From the early 1950s onward we were inseparable. We recognized in one another our life's destiny, to be together forever. The early years were one of juvenile social cultivation focused on our early selection, he of me and me of him. Our lives became meaningful when we did things together, had shared experiences, explored ourselves and the world around us. Married in 1955, this is just what our future realized, from the time we were children to the present, a devoted and loving pair who value life with one another, our marriage now of over sixty years' duration.
When we were children and Valentine's Day came around it was marked with a heart-shaped box of chocolates, a piece of inexpensive jewellery; some trinket or another; usually one-way-directed, and it was a delightful, unpretentious event. Occasionally it would be marked by a social event that would take us out to see a film or to go dancing at a social hall. Sometimes with friends, sometimes not.
This was well before we balked at the bald commercialization of recognized social events and the price tags that invariably came with their recognition.

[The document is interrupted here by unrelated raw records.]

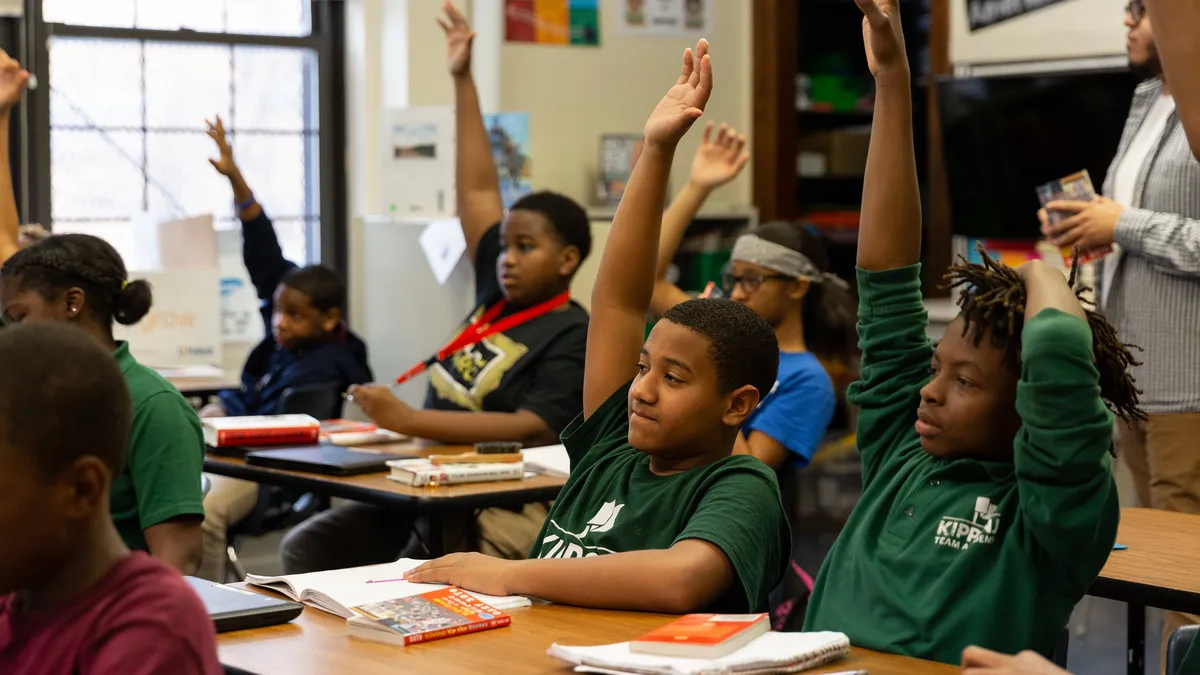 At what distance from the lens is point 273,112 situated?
5.85 metres

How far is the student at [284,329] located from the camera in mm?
4395

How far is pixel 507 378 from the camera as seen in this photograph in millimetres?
3520

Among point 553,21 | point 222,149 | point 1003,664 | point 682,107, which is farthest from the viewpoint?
point 553,21

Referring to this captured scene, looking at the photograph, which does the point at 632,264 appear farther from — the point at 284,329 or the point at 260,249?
the point at 260,249

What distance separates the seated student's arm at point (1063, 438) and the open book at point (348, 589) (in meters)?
0.65

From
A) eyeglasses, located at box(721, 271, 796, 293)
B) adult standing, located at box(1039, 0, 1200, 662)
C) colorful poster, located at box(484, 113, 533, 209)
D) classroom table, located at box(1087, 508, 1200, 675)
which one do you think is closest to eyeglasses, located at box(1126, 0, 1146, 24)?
adult standing, located at box(1039, 0, 1200, 662)

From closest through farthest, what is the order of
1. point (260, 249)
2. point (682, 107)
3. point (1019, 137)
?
point (682, 107)
point (260, 249)
point (1019, 137)

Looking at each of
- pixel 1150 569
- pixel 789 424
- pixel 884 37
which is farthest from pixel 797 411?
pixel 884 37

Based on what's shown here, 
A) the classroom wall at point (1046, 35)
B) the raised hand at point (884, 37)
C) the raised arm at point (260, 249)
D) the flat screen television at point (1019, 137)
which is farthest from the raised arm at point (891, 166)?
the classroom wall at point (1046, 35)

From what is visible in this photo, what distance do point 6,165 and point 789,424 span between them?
191 centimetres

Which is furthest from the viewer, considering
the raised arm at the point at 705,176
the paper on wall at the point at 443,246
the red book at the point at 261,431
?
the paper on wall at the point at 443,246

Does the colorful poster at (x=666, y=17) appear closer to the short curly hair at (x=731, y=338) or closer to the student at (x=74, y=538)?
the short curly hair at (x=731, y=338)

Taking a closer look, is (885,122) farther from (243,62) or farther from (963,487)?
(243,62)

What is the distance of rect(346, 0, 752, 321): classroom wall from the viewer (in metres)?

And then, almost before we noticed the years passing, there were three small children for whom the event could be made over into a colourful and happy occasion with the cutting out of cartoon shapes, crayon colouring and eventually doling them out to school classmates.
When it became not only a commercial occasion but a popularity contest we drew back from the occasion with nothing less than fastidious distaste. Long since then there has been sporadic recognition on our part of this popular but unfortunately celebrity-facade event, translated into an occasion we could find more palatable, as a private little joke between ourselves. We seldom exchange anything in recognition of the day between us, though we haven't been entirely averse to doing so with others on the rare occasion.
But like all such popular events when people are enthused about being nice to one another and displaying rare attitudes of kindness and care for one another, we step back from involvement. What should be natural has become a popularity contest, a buy-in of social-commercial manipulation. It is a matter of of subjective taste, of course that we find it pitiful that people need to be reminded of our civil and charitable obligations to those closest to us.
We find it far more congenial to our personal values that we appreciate one another every minute of every day and demonstrate our love and gratitude in full measure through meaningful, constant small ackowledgements that include smiles, hugs and snuggles, kisses and genuine enquiries of one another equating with love and care.